As I mentioned at the time, part of the news when IBM announced its new heavy-duty MessageSight appliance to handle the vast quantity of real-time data sharing between sensors on the Internet of Things was that MessageSight would use the MQTT protocol to communicate the data.
MQTT, or Message Queue Telemetry Transport (whew!), is an existing protocol for sharing telemetry-style data which OASIS recently proposed as a standard for M2M data sharing. According to IBM, its primary virtues are “low power consumption, high performance and reliability (which) allow real time updates that can be acted upon immediately,” — important because of the need to reduce sensors’ drain on their batteries. Other types of pervasive devices that might use the protocol include “mobile phones, embedded systems on vehicles, or laptops and full scale computers.”

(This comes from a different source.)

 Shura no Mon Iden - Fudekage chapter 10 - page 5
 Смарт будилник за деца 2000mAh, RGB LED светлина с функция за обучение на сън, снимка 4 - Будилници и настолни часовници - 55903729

According to GigaOm, “..it’s already in use for satellite transmissions and in medical and industrial settings where low-bandwidth communications are essential. ” In addition to IBM, it’s already supported by Kaazing, Red Hat, TIBCO, and Cisco.

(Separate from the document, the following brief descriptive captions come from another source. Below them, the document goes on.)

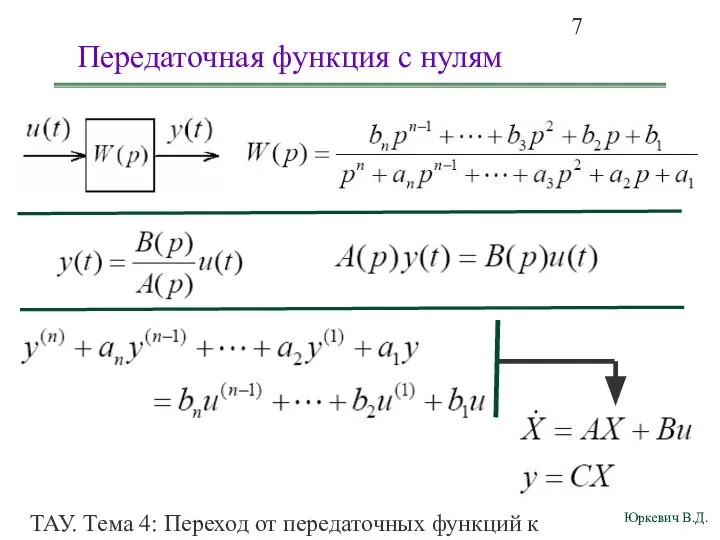 ТАУ. Тема 4: Переход от передаточных функций к дифференциальным уравнениям и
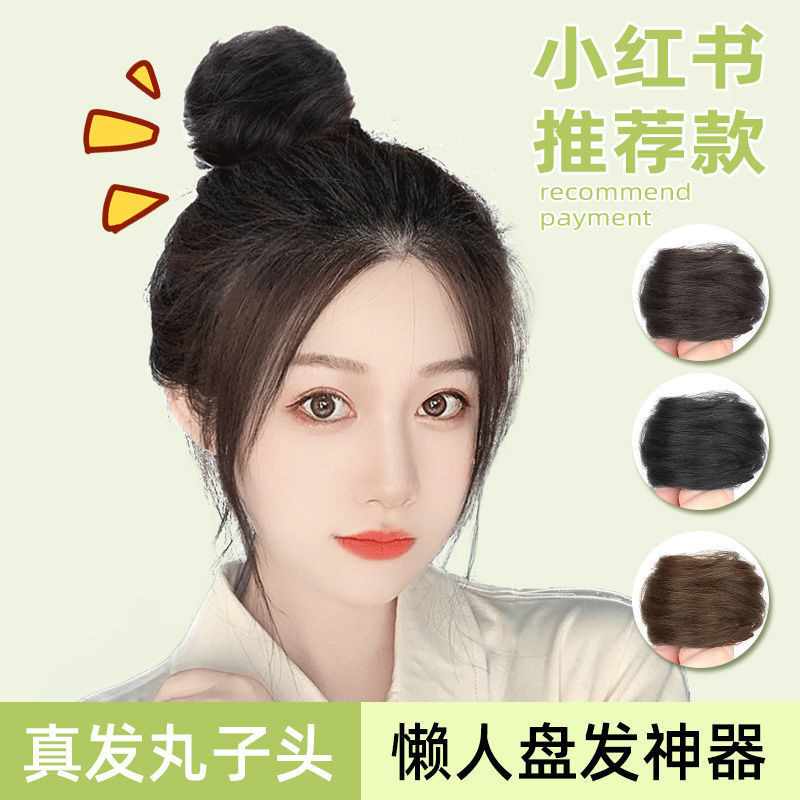 Peluca de cabeza de bola mujer mullida natural estilo antiguo Hanfu flor Bud tocado perezoso updo pelo bolsa artefacto completo anillo de pelo real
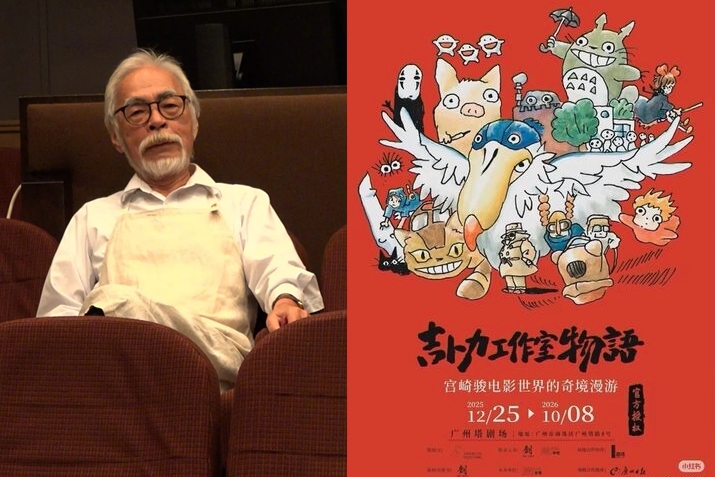 原本預計在中國廣東省廣州市盛大登場的「吉卜力工作室與宮崎駿導演作品主題展」也確定延期。（左圖甲上娛樂提供）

According to The New York Times, MQTT advocates say it could be the M2M equivalent of the Web’s HTTP protocol. Co-inventor Andy Stanford-Clark of IBM is one of my fav IoT experimenters (you’ve got to see his TedX talk about how he’s automated his home on the Isle of Wight — and didn’t stop there, making the whole island a laboratory for the IoT!). He and co-inventor Arlen Nipper wrote the first version of MQTT in 1998 for oil platform sensors.
As in several of my recent posts, the automotive industry was singled out by the NYT as one field where MQTT might be applied:
“Vijay Sankaran, director of application development for Ford, said improved message-handling technology will be vital to the company’s plans for automated diagnostics and new consumer services.

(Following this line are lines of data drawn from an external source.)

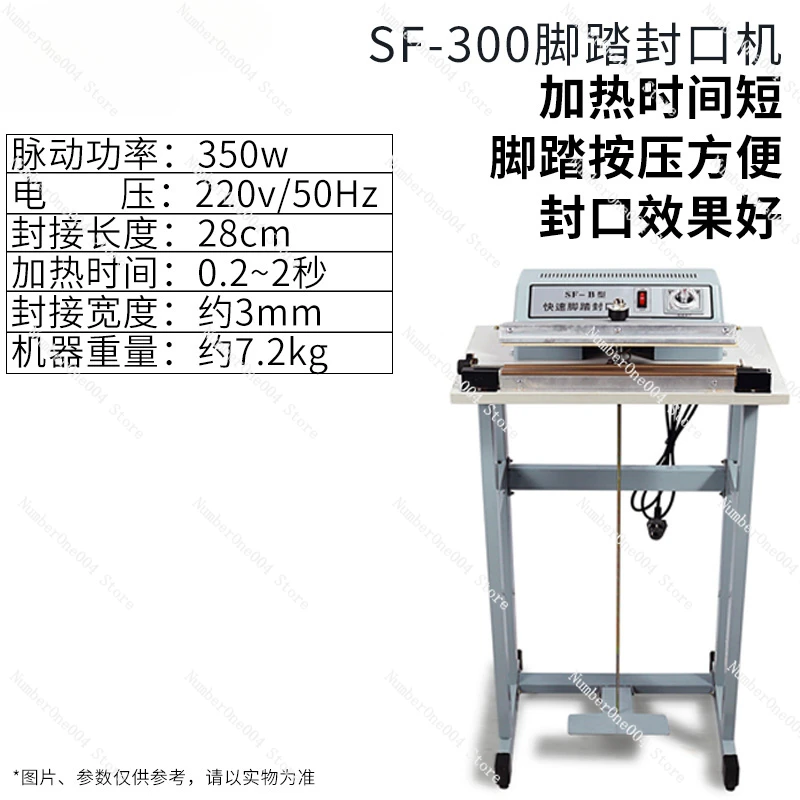 Applicable to foot-pedal sealing machine, plastic bag food tea bag fast packaging machine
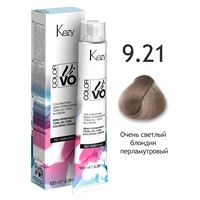 9.21 Очень светлый блондин перламутровый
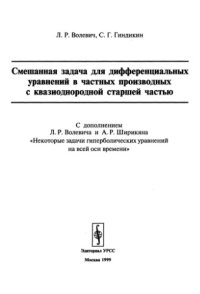 cover of the book Смешанная задача для дифференциальных уравнений в частных производных с квазиоднородной старшей частью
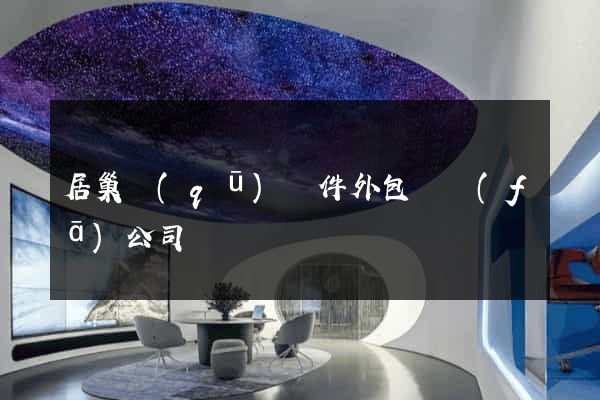 居巢區(qū)軟件外包開發(fā)公司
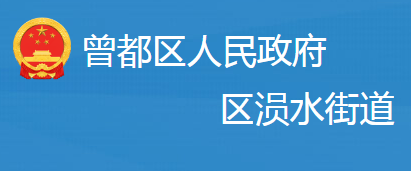 隨州市曾都區(qū)涢水街道辦事處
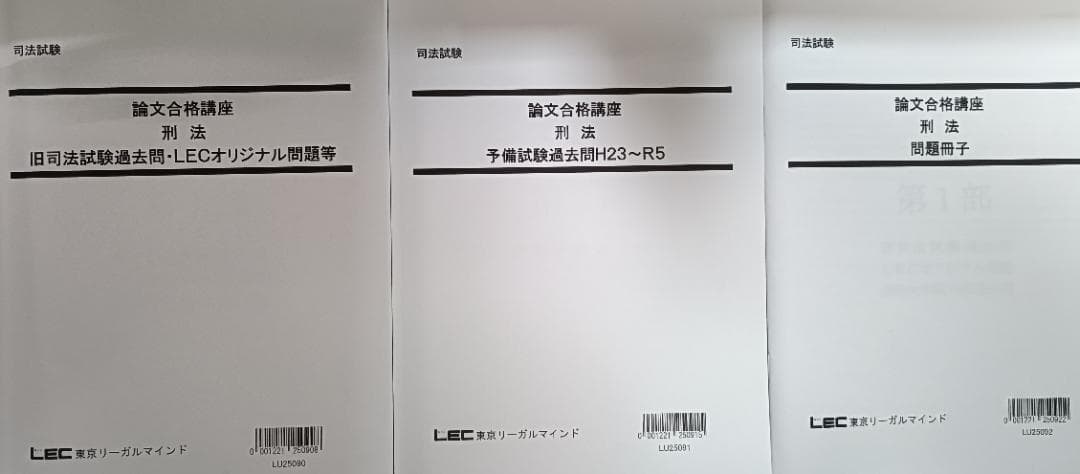 2024　LEC　論文合格講座　テキスト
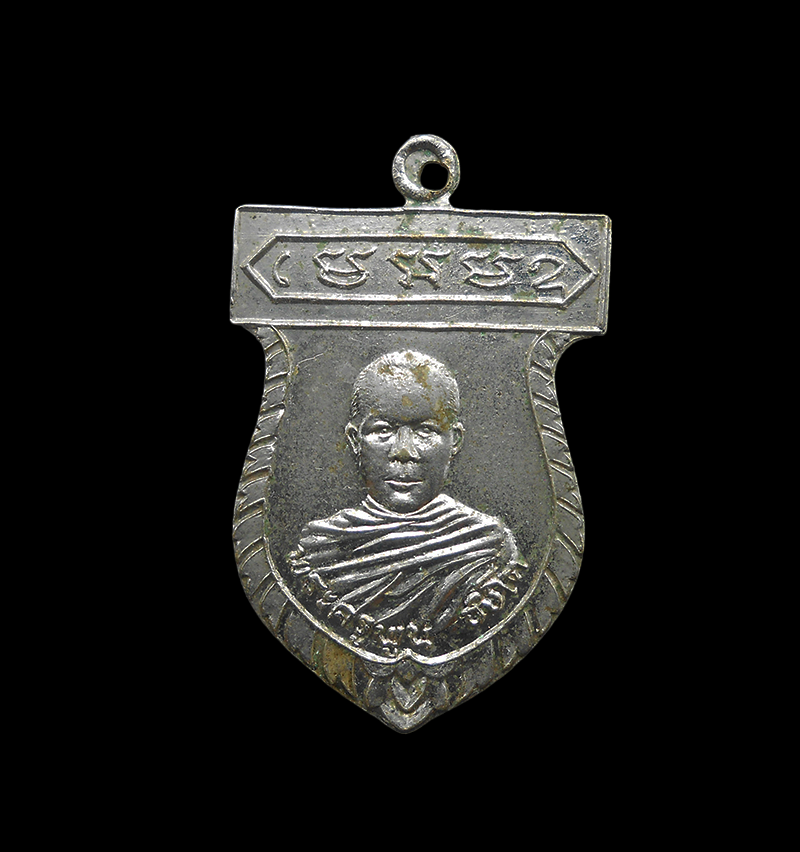 DSCN5596-PhotoRoom.png-PhotoRoom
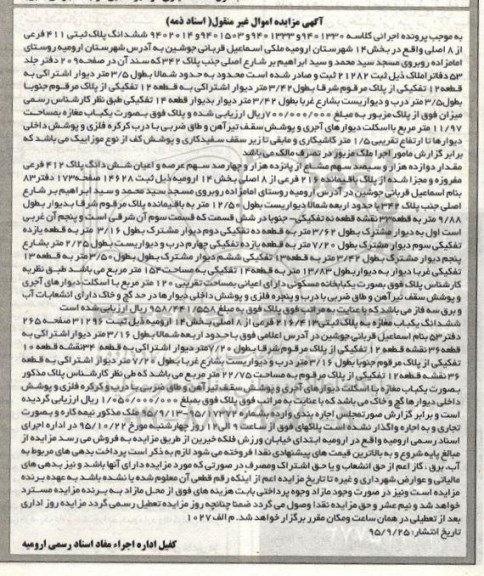 مزایده,مزایده ششدانگ پلاک ثبتی 411 فرعی از هشت اصلی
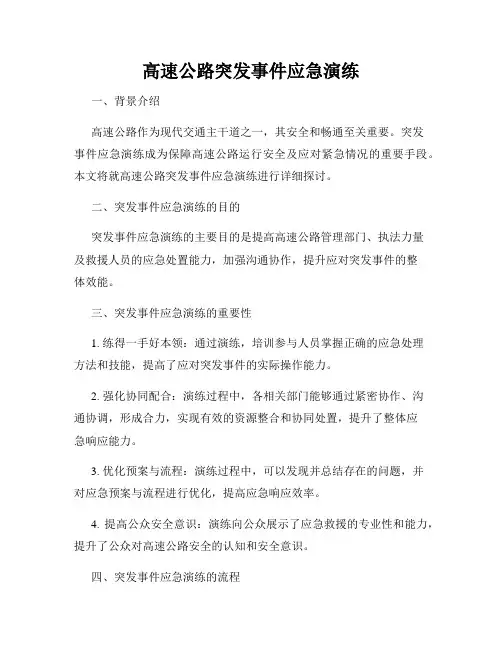 高速公路突发事件应急演练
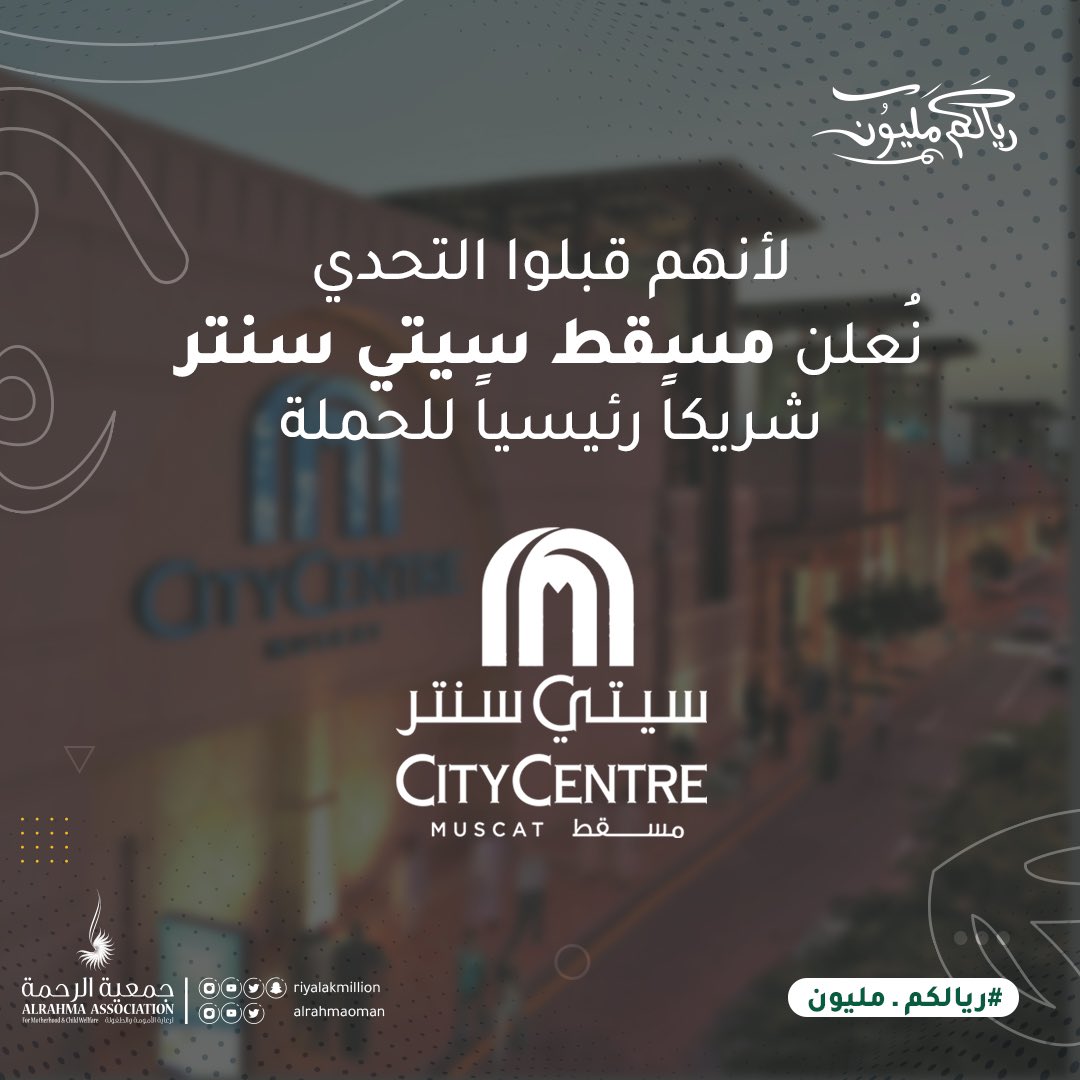 ريالكم مليون (@riyalakmillion) on Twitter photo لأنهم قبلوا التحدي
نُعلن بكثيرٍ من الفخر مسقط سيتي سنتر
شريكاً رئيسياً لحملة #ريالكم_مليون
.
يتواجد فريقنا يومياً في المول من الساعة ٨:٠٠ م
.
عطاؤكم لا يقدر بثمن 🎙🌿✨
متعاونين للخير
#جمعية_الرحمة
#سفراء_المليون لأنهم قبلوا التحدي
نُعلن بكثيرٍ من الفخر مسقط سيتي سنتر
شريكاً رئيسياً لحملة #ريالكم_مليون
.
يتواجد فريقنا يومياً في المول من الساعة ٨:٠٠ م
.
عطاؤكم لا يقدر بثمن 🎙🌿✨
متعاونين للخير
#جمعية_الرحمة
#سفراء_المليون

“Mr. Sankaran pointed to two examples. In the Focus Electric car, he said, Ford wants to get continual, detailed sensor data on the state and performance of the vehicle’s electric battery, then feed that information into product development.
“And drivers, Mr. Sankaran said, seek to do more things while in their cars. A stock trader, for example, might want to continue trading from the road. If the trader sent in an order to sell 30,000 shares of Apple, he said, that transaction must be reliably and securely communicated.
“’You need an advanced messaging engine for these kinds of services,’ Mr. Sankaran said.”
The Times article points out that for MQTT to achieve its full potential it must be adopted not only by IT companies such as IBM and Cisco, but also by “…industrial technology heavyweights including General Electric, Honeywell, Siemens and United Technologies.
These companies make many of the sensor-equipped big things in the so-called Internet of Things — like jet engines, power turbines and oil field equipment.”
MQTT looks like it will play a major role in allowing harvesting of data from sensor networks, but we’ll have to see how much of an IoT lingua franca it really becomes!